NVIDIA Launches Ising: Open AI Models to Supercharge Quantum Computing
NVIDIA unveils Ising, the world's first family of open-source AI models built to accelerate fault-tolerant quantum computing through AI-powered calibration and error correction.
NVIDIA has announced Ising, the world's first family of open-source AI models purpose-built to accelerate the path to useful, fault-tolerant quantum computers. Unveiled on April 14, 2026, the Ising model family targets two of the most stubborn challenges in quantum hardware: processor calibration and real-time error correction -- bottlenecks that have historically demanded enormous manual effort and slowed the pace of progress in the field.
The Ising family ships in two distinct domains. Ising Calibration is a 35-billion-parameter vision-language model that interprets measurement results from quantum processors in real time, compressing calibration work that once took days into a matter of hours. Ising Decoding, built on a 3D convolutional neural network, performs real-time quantum error correction and ships in two variants tuned for speed and accuracy respectively. Benchmarked against pyMatching -- the current open-source industry standard -- Ising Decoding delivers up to 2.5x faster throughput and 3x higher decoding accuracy, a leap researchers say is critical for scaling quantum systems to thousands of qubits.
NVIDIA CEO Jensen Huang framed the release as a step toward bridging classical and quantum computing. The models are released under an open license on Hugging Face and the NVIDIA NGC catalog, allowing academic labs and commercial quantum hardware makers to fine-tune and deploy them on their own systems. Early adopters include Fermi National Accelerator Laboratory, Harvard School of Engineering, IQM Quantum Computers, Infleqtion, and the UK National Physical Laboratory.

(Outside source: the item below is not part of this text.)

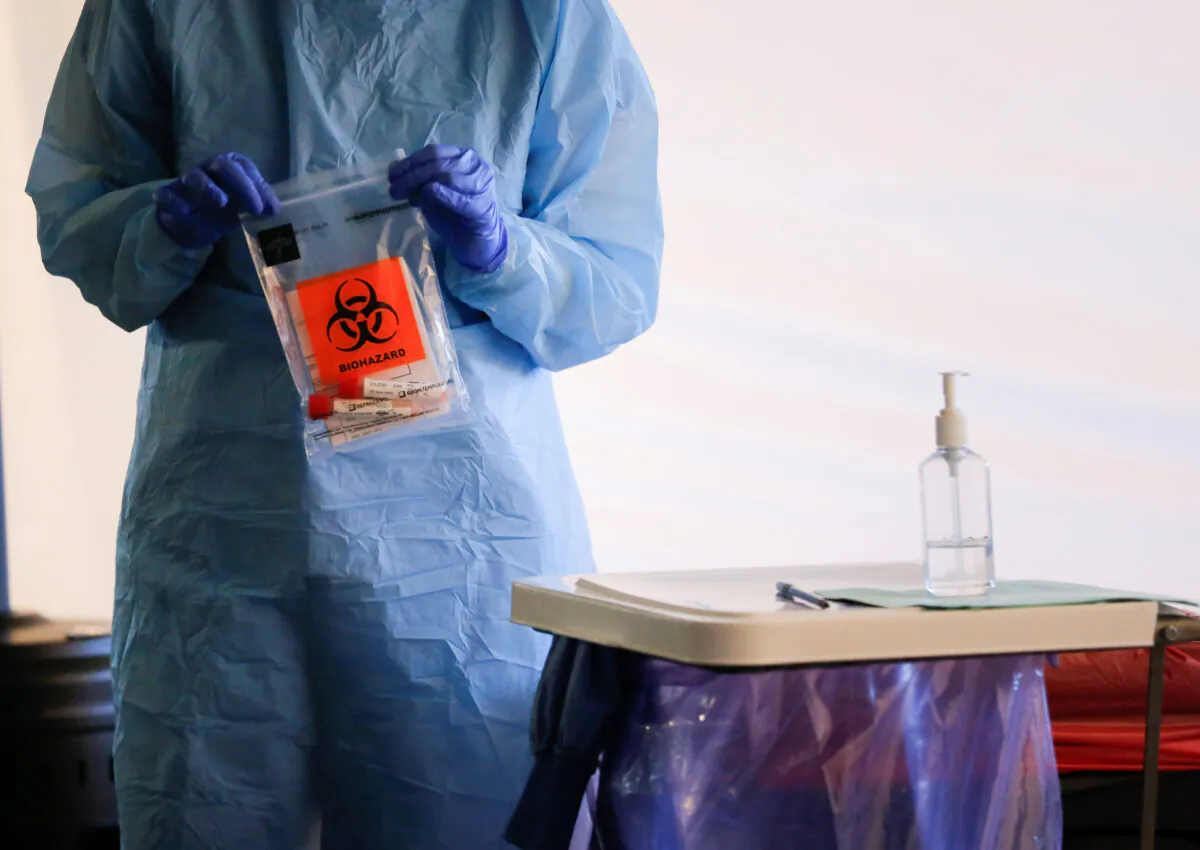 A nurse holds a completed test with patient samples at a drive-through testing site for the new CCP virus in Washington state in a March 9, 2020, file photograph. (Lindsey Wasson/Reuters)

The launch signals a broader strategic push by NVIDIA into the quantum sector, complementing its existing Quantum Cloud initiative and the CUDA-Q programming model. Analysts note that open-sourcing Ising gives NVIDIA a way to establish GPU infrastructure as the de facto compute backbone for quantum-classical hybrid workloads -- a market expected to grow substantially as quantum hardware matures. For the quantum research community, the arrival of well-resourced, high-performance open models represents a significant acceleration in the timeline toward practical quantum advantage.